A word-for-word copy of the entries is the goal; leave out the pictures.
==== Information supplied
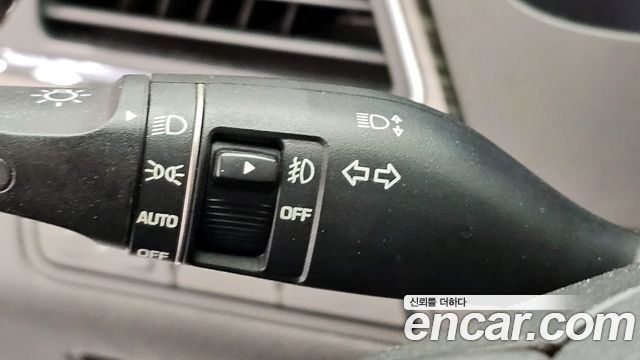 Hyundai Sonata 2015 — photo 24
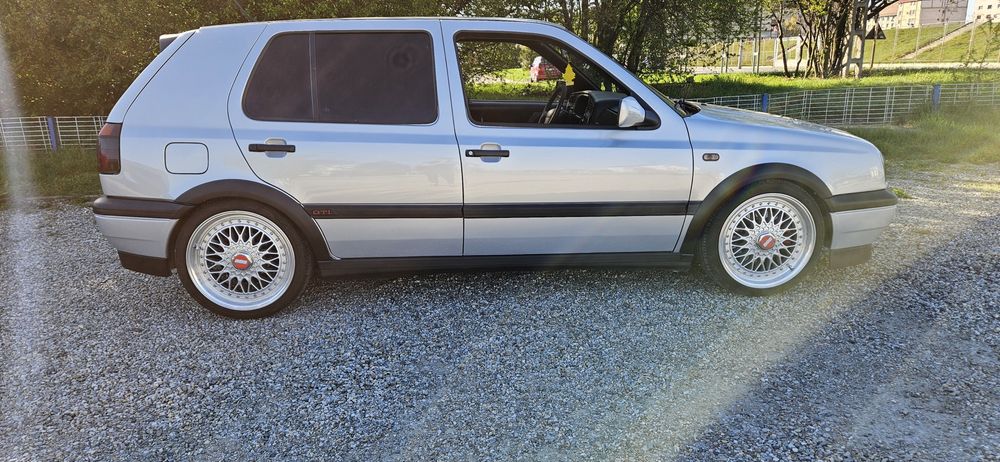 Vw golf 3 Gti 16v 1996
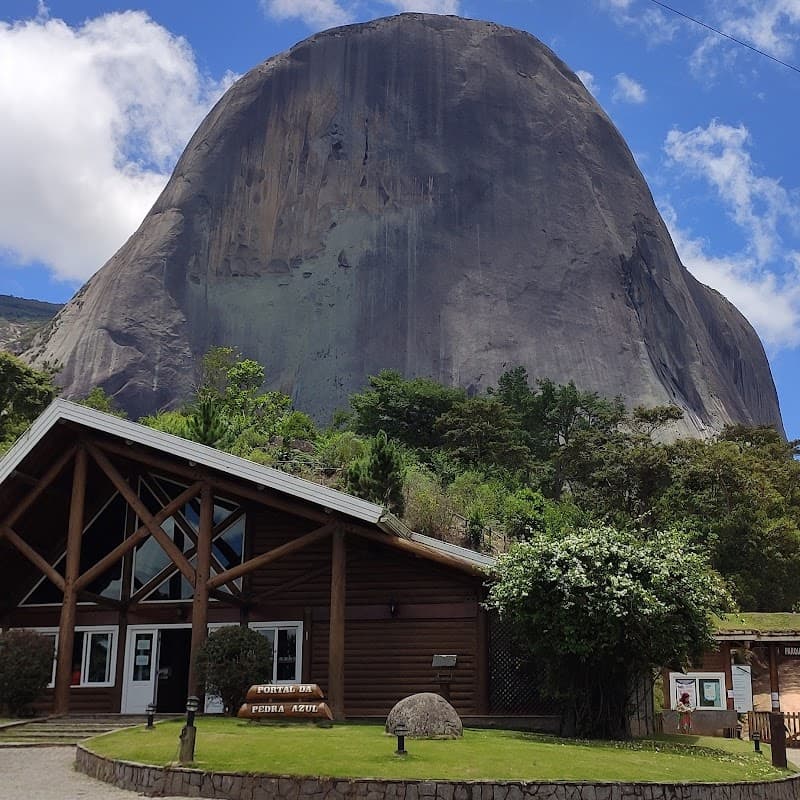 Salão da Gilvânia Pedra Azul photo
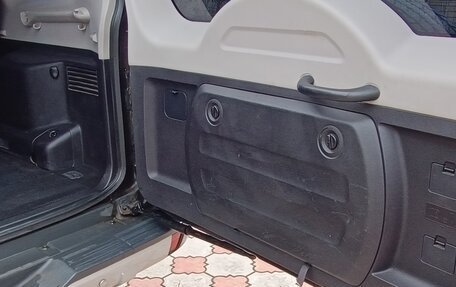 Mitsubishi Pajero IV, 2011 год, 2 480 000 рублей, 18 фотография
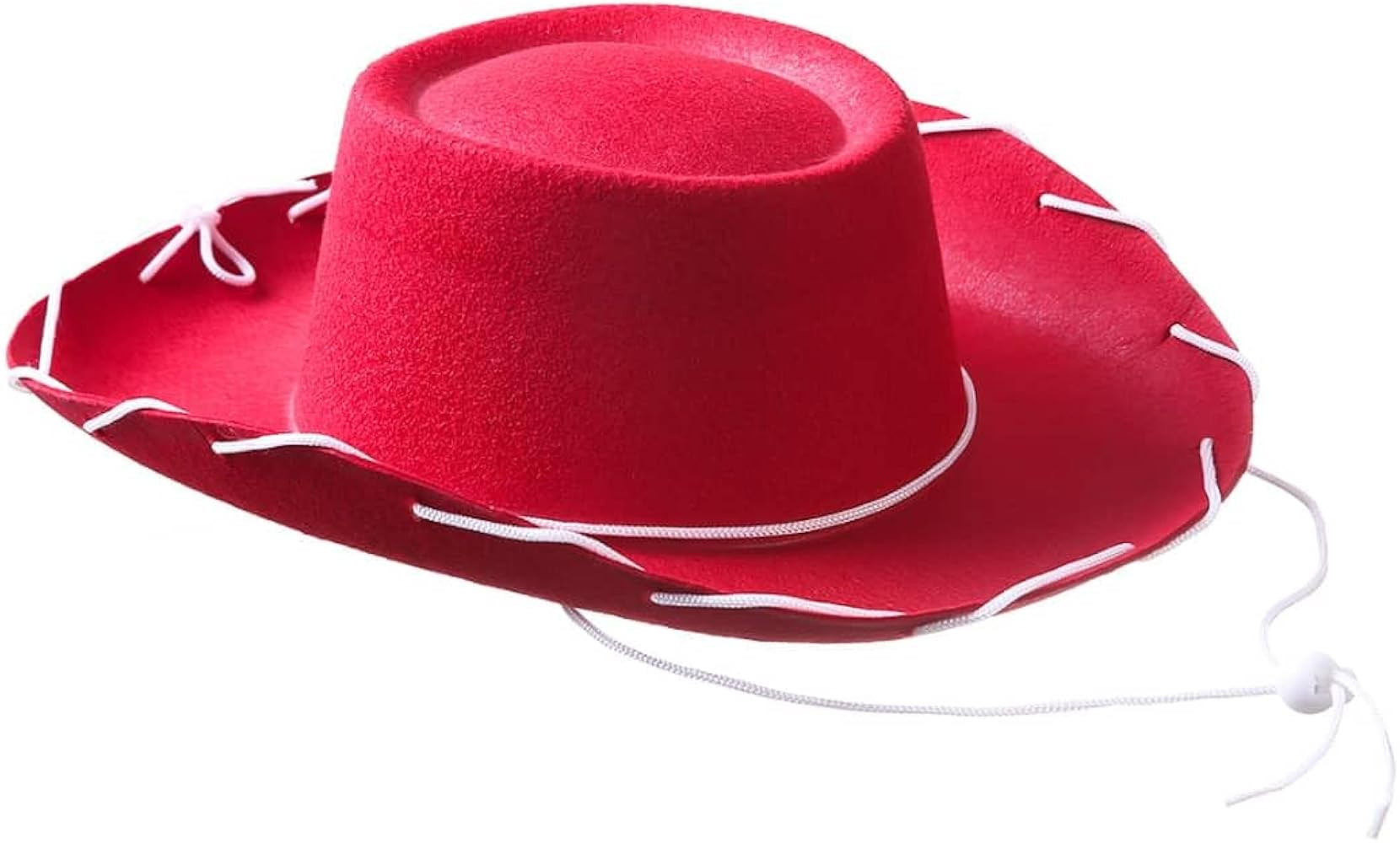 COLLECT PRESENT Adult Western Sheriff Costume Hat – Classic Cowboy Hat for Men & Women – 1950... | Amazon (US)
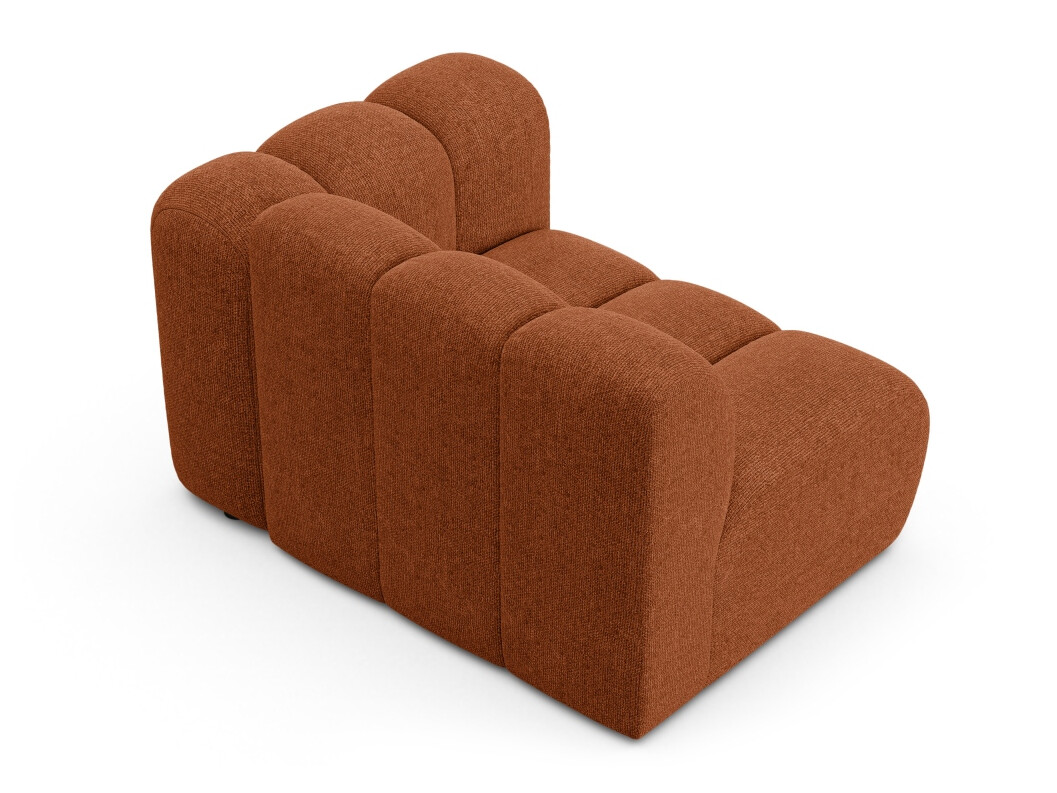 Moduļu krēsls Cirleve 110 (Eden 10)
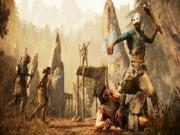 Far Cry Primal for PS4 to buy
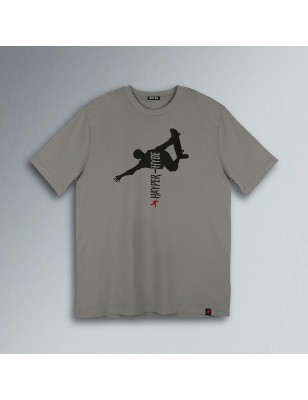 T-SHIRT SKATE FREESTYLE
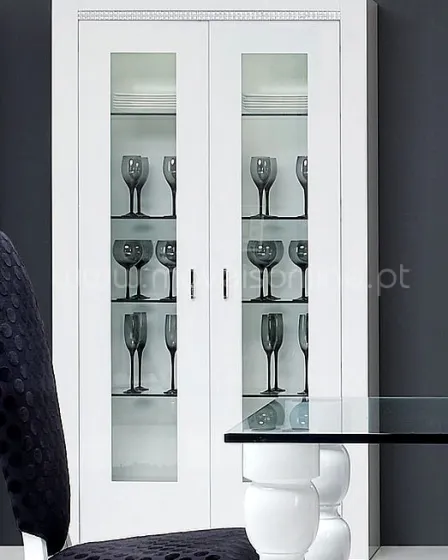 Vitrine Plenitude 2
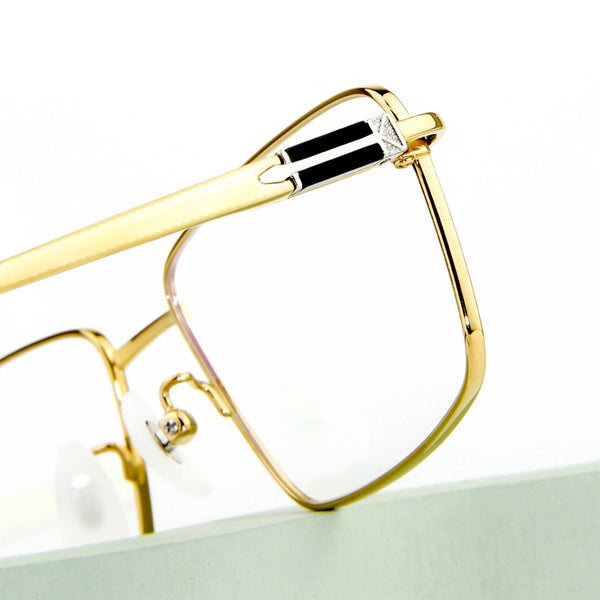 Rectangle Glasses JNJ1013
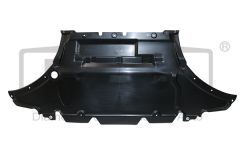 Bundplade Under Motor 8K1863821B 88631698102 Audi A4 A5 DPA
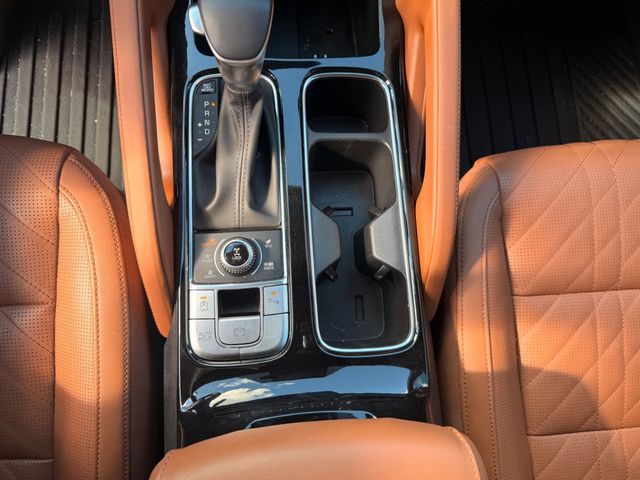 2025 Kia Telluride EX X-PRO - 23095550 - 11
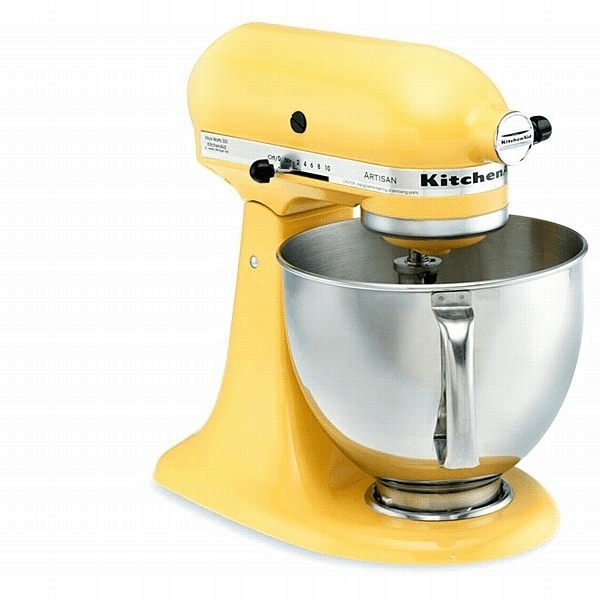 KitchenAid Mixer- artisian mini - appliances - by owner - sale - craigslist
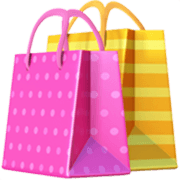 Bolsas De Compras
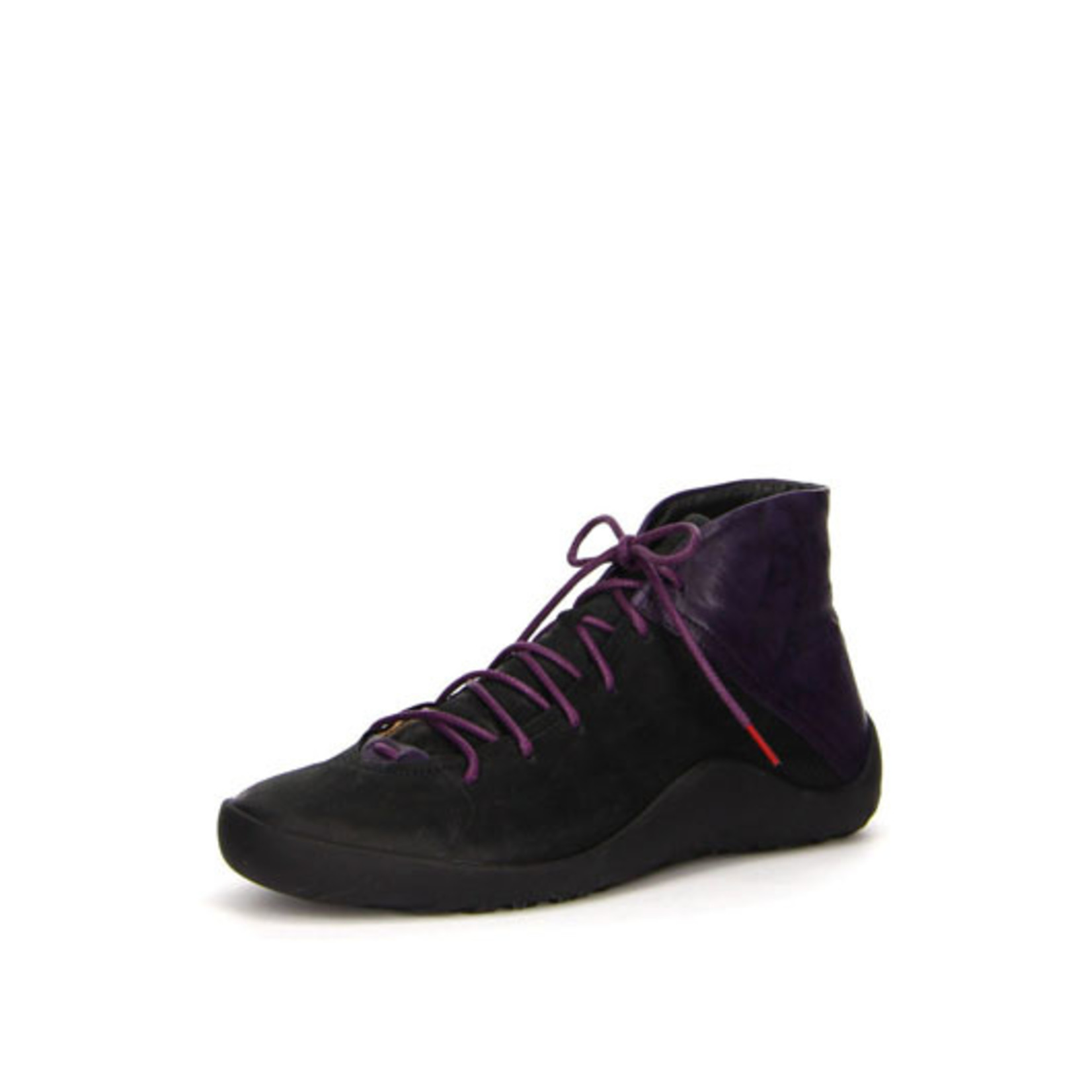 THINK THINK- GETSCHO LACE MID- BLACK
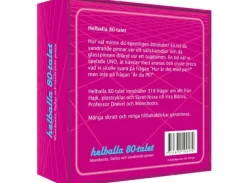 Helballa 80-talet - SVENSK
========
■ **Result for this task**:
 Hyundai Sonata 2015 — photo 24
 Vw golf 3 Gti 16v 1996
 Salão da Gilvânia Pedra Azul photo
 Mitsubishi Pajero IV, 2011 год, 2 480 000 рублей, 18 фотография
 COLLECT PRESENT Adult Western Sheriff Costume Hat – Classic Cowboy Hat for Men & Women – 1950... | Amazon (US)
 Moduļu krēsls Cirleve 110 (Eden 10)
 Far Cry Primal for PS4 to buy
 T-SHIRT SKATE FREESTYLE
 Vitrine Plenitude 2
 Rectangle Glasses JNJ1013
 Bundplade Under Motor 8K1863821B 88631698102 Audi A4 A5 DPA
 2025 Kia Telluride EX X-PRO - 23095550 - 11
 KitchenAid Mixer- artisian mini - appliances - by owner - sale - craigslist
 Bolsas De Compras
 THINK THINK- GETSCHO LACE MID- BLACK
 Helballa 80-talet - SVENSK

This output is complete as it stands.